Joginder Singh, or Baba Joginder Singh is a popular Akali-Nihang and is a popular figure amongst the Nihang Dals. He was born in Boparai Kalan, Ludhiana.

==Personal life==
Baba Joginder Singh was born in the Boparai Kalan village of the Ludhiana district. This region of western Ludhiana has been heavily influenced by Sikhi since the times of the travels of Guru Hargobind Sahib and Guru Gobind Singh.

Nihang Dals, Damdami Taksal, and the Nanaksar Kaleran sect along with other groups have had a great impact in this area. The village of Raqba for instant had been visited by Guru Hargobind Sahib and the specific spot where they had rested had a Gurdwara build on top it. This Gurdwara since has been run Budha Dal to maintain the history.

Due to the rich history and the close proximity of the village and Gurdwara, Baba Joginder Singh would often stay at the gurdwara and do seva for hours while also learning Sikh scriptures. This would lead to the enrolling of Baba Joginder Singh into the Budha Dal.

Baba Ji studied with Damdami Taksal under the guidance of Sant Niranjan Singh 'Vaid Ji', a student of Sant Gurbachan Singh Bhindranwale at Gurdwara Sri Sachkhand Sahib, Boparai Kalan.

For most of their life, Baba Joginder Singh has been at Gurdwara Damdama Sahib (Raqba) handling the maintenance and doing seva for the sangat.

==Jathedari==
When Akali Surjit Singh was imprisoned alongside 22 other Nihangs in 2009, Baba Joginder Singh was put in control as an acting Jathedar of the Budha Dal to handle the Budha Dal while Baba Surjit Singh was in jail. There is no document confirming that Surjit Singh had ever been made Jathedar, as Jathedar Santa Singh openly stated that Balbir Singh would be the next Jathedar.

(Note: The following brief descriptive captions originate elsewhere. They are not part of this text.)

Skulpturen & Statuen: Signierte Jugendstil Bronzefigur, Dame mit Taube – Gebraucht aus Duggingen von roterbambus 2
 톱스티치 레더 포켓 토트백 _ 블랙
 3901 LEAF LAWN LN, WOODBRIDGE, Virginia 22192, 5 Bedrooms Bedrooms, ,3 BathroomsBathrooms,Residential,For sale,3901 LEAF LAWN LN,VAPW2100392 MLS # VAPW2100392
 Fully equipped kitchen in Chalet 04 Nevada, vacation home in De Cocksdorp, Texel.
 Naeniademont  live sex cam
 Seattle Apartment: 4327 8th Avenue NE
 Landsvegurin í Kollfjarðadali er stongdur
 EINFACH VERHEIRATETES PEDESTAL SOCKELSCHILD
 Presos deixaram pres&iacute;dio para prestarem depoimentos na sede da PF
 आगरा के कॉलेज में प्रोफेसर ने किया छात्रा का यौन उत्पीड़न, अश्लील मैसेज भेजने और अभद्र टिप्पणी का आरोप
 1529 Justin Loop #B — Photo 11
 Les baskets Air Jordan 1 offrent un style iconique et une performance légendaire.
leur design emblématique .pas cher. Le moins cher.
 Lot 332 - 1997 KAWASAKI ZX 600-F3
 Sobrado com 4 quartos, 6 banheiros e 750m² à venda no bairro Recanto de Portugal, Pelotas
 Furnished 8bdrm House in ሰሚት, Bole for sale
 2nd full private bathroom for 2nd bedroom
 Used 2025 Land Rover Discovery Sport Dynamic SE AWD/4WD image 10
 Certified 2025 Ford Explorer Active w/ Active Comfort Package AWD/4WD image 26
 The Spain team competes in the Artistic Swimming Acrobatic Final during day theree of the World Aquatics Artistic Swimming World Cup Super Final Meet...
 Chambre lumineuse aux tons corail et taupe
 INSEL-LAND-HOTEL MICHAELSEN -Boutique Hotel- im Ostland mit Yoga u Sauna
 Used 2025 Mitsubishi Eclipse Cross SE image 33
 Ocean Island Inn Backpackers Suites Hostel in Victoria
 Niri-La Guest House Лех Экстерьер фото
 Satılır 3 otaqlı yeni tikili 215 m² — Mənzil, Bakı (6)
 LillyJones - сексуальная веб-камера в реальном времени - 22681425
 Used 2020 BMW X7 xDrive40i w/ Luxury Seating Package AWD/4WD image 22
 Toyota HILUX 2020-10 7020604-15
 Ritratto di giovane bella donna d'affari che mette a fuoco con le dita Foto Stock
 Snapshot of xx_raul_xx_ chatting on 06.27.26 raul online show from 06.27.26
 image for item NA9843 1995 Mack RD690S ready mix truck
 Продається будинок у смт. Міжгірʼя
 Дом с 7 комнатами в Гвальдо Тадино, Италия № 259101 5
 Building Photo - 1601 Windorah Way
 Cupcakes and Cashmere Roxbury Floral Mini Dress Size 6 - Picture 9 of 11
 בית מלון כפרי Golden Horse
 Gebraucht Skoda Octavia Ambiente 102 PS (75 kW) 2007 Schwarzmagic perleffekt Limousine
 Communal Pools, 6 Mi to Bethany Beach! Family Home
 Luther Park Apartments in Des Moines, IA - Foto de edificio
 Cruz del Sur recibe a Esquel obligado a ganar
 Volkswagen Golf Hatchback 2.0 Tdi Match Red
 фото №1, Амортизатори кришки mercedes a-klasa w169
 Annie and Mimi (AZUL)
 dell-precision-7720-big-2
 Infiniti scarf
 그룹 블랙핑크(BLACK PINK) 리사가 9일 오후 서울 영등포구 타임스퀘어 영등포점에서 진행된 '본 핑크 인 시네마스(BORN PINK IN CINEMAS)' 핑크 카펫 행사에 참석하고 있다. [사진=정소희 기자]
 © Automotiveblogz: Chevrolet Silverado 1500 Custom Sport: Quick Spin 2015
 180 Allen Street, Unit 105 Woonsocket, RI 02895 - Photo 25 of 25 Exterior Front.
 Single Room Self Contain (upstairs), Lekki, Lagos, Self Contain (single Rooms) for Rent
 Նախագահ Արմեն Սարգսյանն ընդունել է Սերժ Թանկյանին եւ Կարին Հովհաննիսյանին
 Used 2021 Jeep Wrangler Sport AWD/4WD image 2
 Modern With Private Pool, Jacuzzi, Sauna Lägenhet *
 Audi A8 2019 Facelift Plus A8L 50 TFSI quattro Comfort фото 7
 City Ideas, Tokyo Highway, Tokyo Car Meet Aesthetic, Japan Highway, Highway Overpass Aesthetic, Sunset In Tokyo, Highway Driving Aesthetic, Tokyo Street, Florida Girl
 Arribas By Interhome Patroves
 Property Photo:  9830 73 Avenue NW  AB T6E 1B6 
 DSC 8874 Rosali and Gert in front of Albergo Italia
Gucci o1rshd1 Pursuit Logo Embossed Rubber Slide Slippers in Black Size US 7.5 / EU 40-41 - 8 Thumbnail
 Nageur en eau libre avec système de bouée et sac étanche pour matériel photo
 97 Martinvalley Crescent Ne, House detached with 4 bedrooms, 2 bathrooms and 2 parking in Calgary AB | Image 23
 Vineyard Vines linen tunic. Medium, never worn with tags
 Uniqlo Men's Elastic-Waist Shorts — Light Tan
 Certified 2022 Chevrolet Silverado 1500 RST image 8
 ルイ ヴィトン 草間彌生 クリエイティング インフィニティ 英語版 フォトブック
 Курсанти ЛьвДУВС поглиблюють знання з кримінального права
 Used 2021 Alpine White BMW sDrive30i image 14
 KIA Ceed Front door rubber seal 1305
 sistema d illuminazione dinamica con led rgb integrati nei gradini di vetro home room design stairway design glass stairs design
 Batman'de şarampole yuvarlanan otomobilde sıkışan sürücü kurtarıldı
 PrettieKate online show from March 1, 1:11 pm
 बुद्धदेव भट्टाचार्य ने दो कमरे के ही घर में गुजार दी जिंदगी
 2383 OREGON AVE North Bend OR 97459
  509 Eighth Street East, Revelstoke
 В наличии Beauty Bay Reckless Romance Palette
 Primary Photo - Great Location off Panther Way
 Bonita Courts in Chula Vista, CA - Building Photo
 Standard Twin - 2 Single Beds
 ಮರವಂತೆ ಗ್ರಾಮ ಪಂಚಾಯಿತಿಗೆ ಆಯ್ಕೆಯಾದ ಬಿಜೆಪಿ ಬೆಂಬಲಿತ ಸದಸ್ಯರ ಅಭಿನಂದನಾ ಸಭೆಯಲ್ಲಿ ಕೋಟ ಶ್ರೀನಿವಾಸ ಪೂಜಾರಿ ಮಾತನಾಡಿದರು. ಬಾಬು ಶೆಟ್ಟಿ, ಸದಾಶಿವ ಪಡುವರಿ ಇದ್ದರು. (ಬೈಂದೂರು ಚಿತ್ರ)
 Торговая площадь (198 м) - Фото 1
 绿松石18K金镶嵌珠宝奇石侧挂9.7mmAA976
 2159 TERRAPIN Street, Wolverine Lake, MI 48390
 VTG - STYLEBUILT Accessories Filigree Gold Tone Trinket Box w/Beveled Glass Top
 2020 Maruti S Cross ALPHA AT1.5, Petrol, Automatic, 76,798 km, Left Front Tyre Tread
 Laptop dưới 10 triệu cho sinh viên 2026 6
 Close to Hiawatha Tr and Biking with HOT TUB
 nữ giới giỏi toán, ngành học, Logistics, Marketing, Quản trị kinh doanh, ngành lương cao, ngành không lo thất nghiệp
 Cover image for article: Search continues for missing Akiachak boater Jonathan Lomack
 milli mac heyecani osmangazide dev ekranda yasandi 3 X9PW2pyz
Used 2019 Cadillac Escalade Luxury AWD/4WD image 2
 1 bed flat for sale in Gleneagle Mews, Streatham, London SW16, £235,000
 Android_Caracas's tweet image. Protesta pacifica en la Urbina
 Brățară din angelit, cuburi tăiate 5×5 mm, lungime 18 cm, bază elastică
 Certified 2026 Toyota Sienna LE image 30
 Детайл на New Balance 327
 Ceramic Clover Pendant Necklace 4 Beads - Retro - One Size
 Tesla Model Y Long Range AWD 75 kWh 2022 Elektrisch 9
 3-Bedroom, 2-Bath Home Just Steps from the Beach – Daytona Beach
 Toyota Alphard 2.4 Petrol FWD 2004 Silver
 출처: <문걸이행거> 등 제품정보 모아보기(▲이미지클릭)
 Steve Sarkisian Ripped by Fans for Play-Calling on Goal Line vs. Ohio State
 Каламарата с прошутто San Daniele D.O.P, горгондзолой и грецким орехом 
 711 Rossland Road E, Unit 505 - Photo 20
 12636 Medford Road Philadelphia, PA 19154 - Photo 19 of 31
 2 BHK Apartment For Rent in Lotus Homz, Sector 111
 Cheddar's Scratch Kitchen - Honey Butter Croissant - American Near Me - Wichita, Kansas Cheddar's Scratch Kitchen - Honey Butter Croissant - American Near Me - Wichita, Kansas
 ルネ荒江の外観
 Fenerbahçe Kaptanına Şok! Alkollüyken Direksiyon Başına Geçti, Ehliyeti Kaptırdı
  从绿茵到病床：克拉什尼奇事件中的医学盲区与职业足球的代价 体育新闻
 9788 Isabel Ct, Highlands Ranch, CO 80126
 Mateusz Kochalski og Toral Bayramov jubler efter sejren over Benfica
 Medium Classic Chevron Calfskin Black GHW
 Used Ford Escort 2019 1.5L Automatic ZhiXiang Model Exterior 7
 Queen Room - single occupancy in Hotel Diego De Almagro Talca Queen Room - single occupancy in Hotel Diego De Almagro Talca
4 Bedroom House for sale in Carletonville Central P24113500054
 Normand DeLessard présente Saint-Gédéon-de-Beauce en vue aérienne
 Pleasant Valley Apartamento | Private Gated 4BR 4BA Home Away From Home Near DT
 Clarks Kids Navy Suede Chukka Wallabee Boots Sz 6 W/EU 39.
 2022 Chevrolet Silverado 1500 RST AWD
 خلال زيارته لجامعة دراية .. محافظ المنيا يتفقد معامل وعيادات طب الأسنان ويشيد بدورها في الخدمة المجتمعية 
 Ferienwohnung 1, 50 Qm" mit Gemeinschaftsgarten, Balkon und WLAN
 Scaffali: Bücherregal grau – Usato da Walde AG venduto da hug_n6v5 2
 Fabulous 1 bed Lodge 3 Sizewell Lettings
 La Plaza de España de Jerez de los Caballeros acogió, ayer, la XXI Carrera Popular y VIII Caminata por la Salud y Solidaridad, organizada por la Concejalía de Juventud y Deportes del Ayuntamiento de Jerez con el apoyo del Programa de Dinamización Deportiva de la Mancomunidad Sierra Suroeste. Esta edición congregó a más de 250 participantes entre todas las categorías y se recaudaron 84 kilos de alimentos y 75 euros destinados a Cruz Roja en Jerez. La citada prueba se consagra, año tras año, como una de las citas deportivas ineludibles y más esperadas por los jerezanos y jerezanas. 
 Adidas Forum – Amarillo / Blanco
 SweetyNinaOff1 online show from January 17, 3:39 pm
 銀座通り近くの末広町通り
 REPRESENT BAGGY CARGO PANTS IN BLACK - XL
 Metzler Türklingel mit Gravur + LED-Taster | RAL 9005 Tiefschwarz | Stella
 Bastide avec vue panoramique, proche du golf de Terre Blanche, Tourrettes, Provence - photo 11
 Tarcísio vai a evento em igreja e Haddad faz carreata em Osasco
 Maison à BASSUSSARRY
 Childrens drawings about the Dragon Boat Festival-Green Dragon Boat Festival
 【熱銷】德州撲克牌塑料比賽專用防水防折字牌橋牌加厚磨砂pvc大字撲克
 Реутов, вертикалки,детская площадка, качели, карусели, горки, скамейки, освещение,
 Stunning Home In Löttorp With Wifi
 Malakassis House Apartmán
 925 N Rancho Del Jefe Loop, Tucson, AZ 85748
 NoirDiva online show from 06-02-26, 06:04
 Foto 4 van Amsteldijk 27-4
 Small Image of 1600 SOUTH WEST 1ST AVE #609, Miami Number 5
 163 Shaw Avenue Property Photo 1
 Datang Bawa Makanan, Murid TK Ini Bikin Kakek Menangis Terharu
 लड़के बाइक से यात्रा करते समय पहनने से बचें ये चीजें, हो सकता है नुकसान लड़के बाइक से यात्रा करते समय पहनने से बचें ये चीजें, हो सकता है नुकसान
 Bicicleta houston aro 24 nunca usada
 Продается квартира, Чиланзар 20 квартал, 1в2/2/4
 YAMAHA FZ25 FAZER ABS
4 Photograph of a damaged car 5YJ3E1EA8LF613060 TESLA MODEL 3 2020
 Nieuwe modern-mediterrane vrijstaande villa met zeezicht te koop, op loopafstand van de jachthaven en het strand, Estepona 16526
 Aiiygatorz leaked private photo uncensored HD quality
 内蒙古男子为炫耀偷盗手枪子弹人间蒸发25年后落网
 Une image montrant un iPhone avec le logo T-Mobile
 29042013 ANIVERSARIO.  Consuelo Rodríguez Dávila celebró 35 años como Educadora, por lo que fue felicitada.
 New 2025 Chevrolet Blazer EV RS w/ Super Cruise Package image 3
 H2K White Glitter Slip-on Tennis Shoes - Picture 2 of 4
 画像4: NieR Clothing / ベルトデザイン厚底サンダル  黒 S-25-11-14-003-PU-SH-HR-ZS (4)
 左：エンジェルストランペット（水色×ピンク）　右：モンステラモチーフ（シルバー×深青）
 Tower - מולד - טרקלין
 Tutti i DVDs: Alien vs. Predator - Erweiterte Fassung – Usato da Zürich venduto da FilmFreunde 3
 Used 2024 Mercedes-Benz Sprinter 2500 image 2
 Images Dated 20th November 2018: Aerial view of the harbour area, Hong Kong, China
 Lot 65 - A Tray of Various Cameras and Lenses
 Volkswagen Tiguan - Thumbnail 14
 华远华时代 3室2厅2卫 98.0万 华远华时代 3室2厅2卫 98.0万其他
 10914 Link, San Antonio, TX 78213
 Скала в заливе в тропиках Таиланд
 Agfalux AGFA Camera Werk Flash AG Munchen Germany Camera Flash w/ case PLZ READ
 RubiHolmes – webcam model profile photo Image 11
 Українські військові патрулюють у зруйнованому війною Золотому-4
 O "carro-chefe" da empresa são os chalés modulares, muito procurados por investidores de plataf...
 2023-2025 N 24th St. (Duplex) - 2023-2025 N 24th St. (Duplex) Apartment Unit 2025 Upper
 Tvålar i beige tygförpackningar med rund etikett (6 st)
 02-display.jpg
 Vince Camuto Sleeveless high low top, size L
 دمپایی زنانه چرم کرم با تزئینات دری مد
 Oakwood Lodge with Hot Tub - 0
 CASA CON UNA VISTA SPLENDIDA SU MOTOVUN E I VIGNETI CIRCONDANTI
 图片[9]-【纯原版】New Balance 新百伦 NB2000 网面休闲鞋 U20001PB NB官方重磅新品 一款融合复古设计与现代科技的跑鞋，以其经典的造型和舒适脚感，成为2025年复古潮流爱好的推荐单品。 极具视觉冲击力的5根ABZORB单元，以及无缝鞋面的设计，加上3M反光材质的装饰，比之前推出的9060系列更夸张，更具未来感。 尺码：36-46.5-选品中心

In September 2014 when Akali Surjit Singh died at the age of 69, Baba Joginder Singh was one of the many prominent names of whom might be chosen as the successor. Baba Surjit Singh is said to have chosen for Baba Joginder Singh to be the next Jathedar after his death. However, Baba Joginder Singh was in the UK during that time. Baba Prem Singh was chosen to be Jathedar at Baba Surjit Singh’s funeral. However, this is disputed by some Nihang Singhs of the Budha Dal.

In 2007, Nihangs attacked Jathedar Balbir Singh's family and killed his father, two sons and nephew. Later, in 2015, it was agreed by Prem Singh, Joginder Singh and other Dals that Balbir Singh was Jathedar, they all tied a "Farla" on Balbir Singh for this purpose.